Yemen: Vague UN-brokered Deal 'Unravels' Peace, Says Aid Group

  • The UN-brokered deal does not specify how Houthi rebel forces should vacate the city.

    The UN-brokered deal does not specify how Houthi rebel forces should vacate the city. | Photo: Reuters

Published 8 January 2019
Opinion

An aid agency said that the UN-brokered deal between rebels and the Saudi-backed government lacks clarity hence increasing disagreements between two groups.

According to the British aid agency Oxfam, the United Nations-brokered peace deal in Yemen’s port city Hodeidah is already unraveling due to the vagueness of the text.

RELATED:

Yemen: Houthis Retreat from Hodeidah Adhering to UN Peace Deal

A major problem with the peace deal, Oxfam said, is that text does not specify the manner in which the Houthi rebel forces should vacate the city.

"There is an issue with the actual agreement, which is actually quite vague," Dina el-Mamoun, the aid group's head of policy and advocacy in Yemen's capital, Sanaa, told Al Jazeera.

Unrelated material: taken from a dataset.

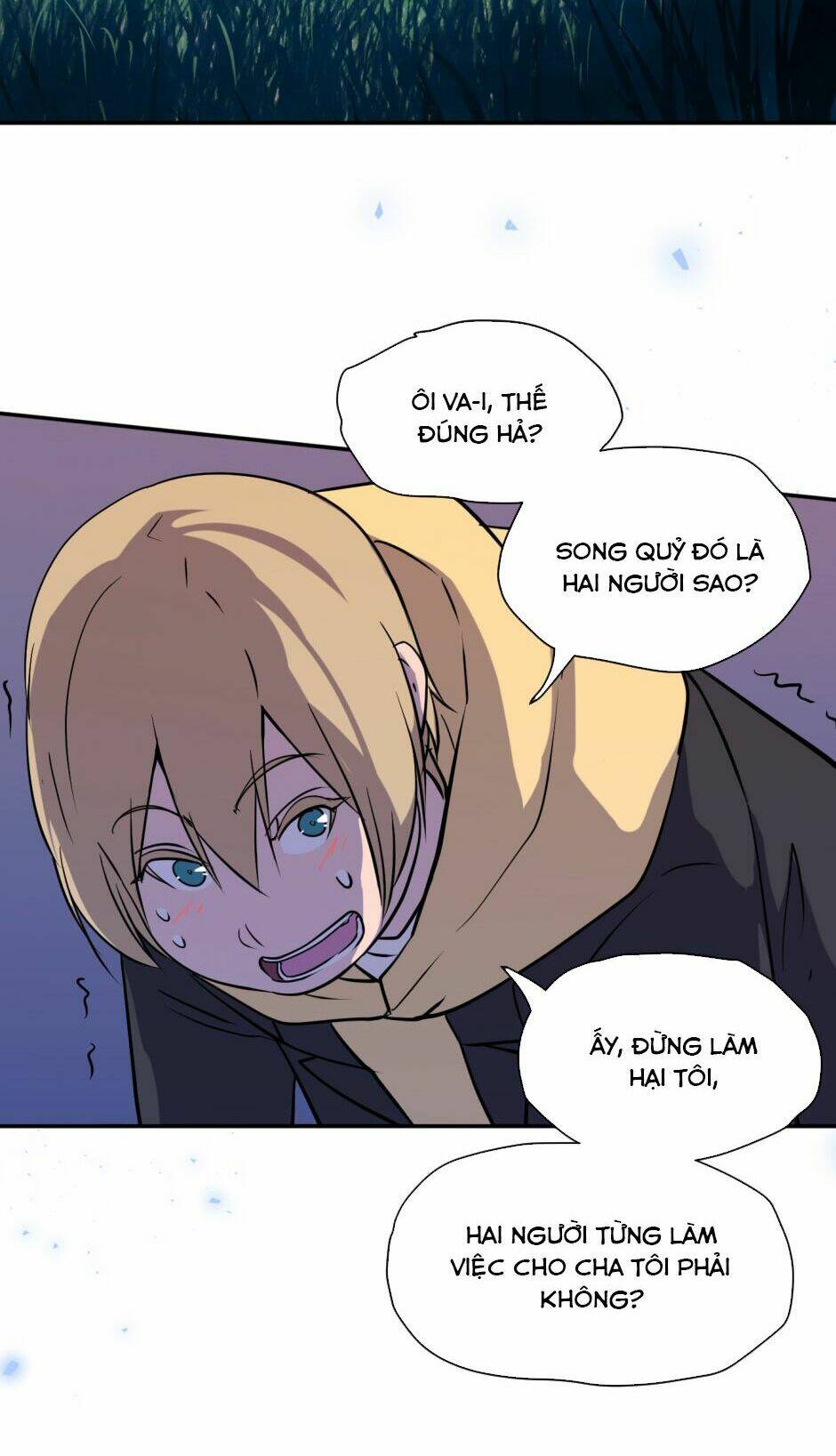 Gods Reborn: Chapter 23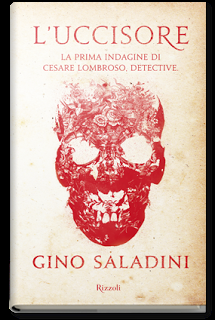 L'uccisore di Gino Saladini presentazione a Roma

"The UN should have made clear these basic issues that go to the heart of the agreement: who needs to hand over what and to whom."

According to the deal, the Houthis are expected to hand over control of the ports of Hodeidah, Saleef, and Ras Isa, to "local security forces in accordance with Yemeni law".

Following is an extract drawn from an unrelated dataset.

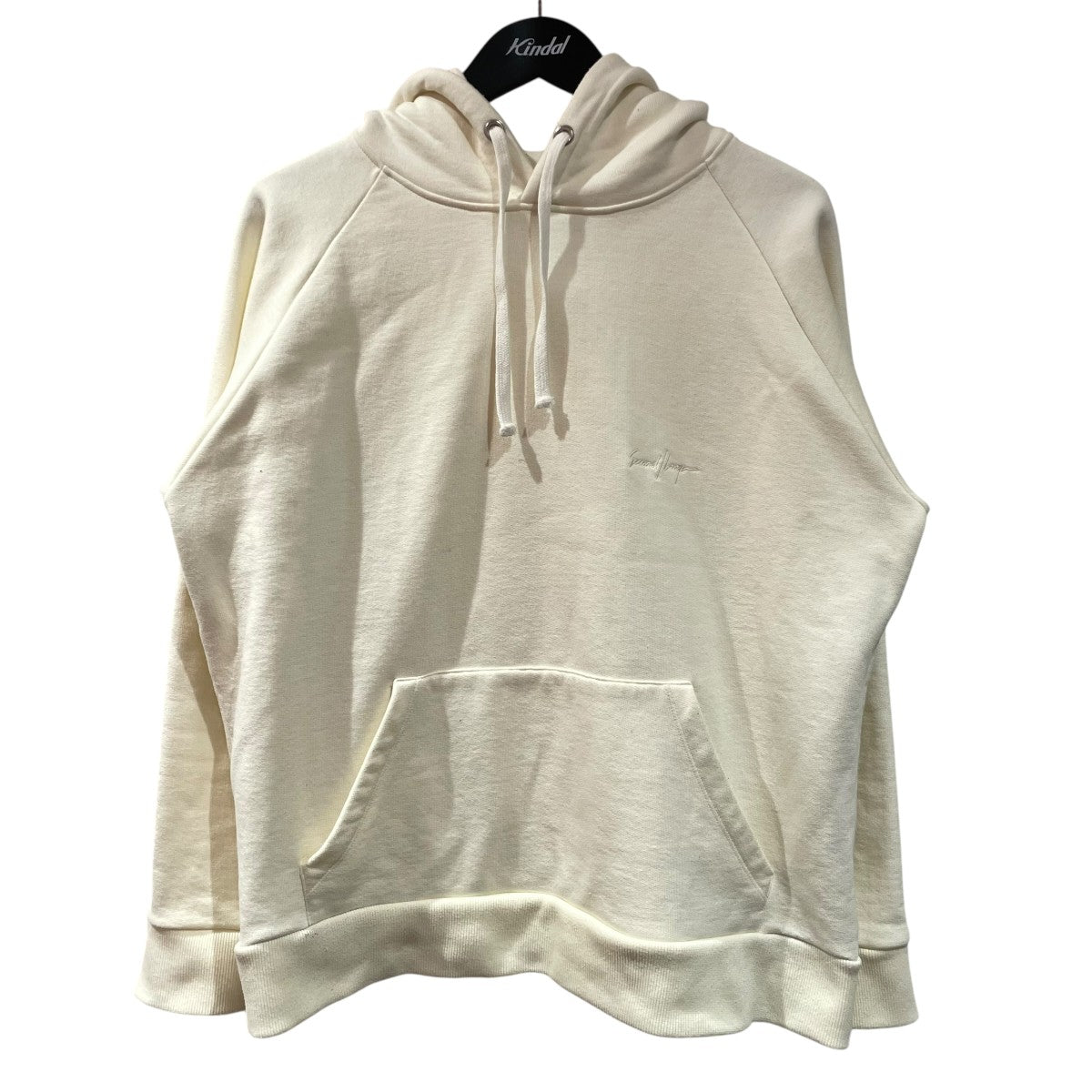SECOND／LAYER プルオーバーパーカー 古着・中古-1枚目のアイテム画像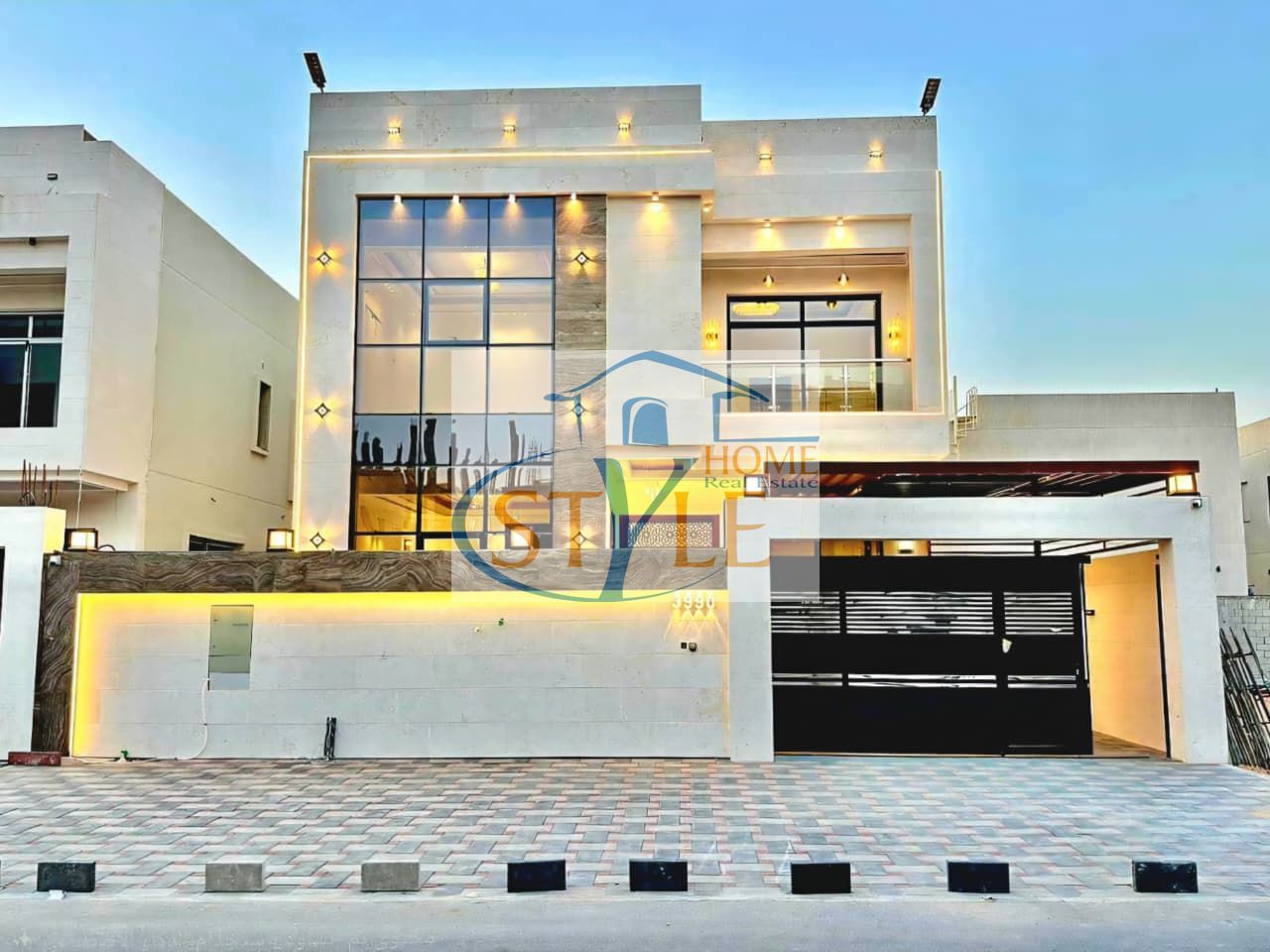 HIGH END FINISH | LUXURY | 5 BEDROOM VILLA | FOR SALE | ALHELIO 2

But disagreements regarding the meaning of the text aroused. The Saudi-backed government said that the control of the ports should be in the hands of officials who were running the facility before the war started in 2014.

However, Houthis say that the text means the current officials who are their allies.  

"How can the UN expect a vague agreement to translate, in reality, to what is intended without making it clear?" asked Mamoun. "An agreement that leads us to a state of confusion over what was agreed is not what we needed."

U.N. spokesman Farhan Haq did not directly answer Oxfam's criticism but did confirm that the two parties did not agree despite a "collective recognition of the urgency" of ending hostilities.

"Despite both parties consenting to the Stockholm Agreement, there is still a lack of common interpretation of the implementation and sequencing of the Hodaidah agreement," Haq told Al Jazeera.

"This is of course driven by the lack of trust among the parties and their apprehension with respect to making operational concessions, outside of a comprehensive political solution to the conflict in Yemen."

According to the Stockholm Agreement, both parties agreed to open humanitarian corridors to allow for the transport of resources necessary to help avoid the a conflict-induced famine caused by cutting off the supply lines out of the port city through which 70 percent of Yemen’s imports flow.

The main corridor in question also connects the port city of Hodeidah with the Houthi held capital of Sanaa.

The head of the United Nation’s monitoring team, retired General Patrick Cammaert expressed his disappointment on the matter to the Houthi rebels. The U.N. Secretary-General Antonio Guterres reiterated this stance.

The Yemeni war started in 2015 when Saudi Arabia and 12 of its regional allies formed a coalition to restore the pro-Saudi government to power after the Houthi movement took over the capital Sanaa. Saudi Arabia and its allies, who have received logistic and intelligence support for their intervention in Yemen, have been accused of war crimes and crimes against humanity over intentionally targeting civilians as well as allegations of torture.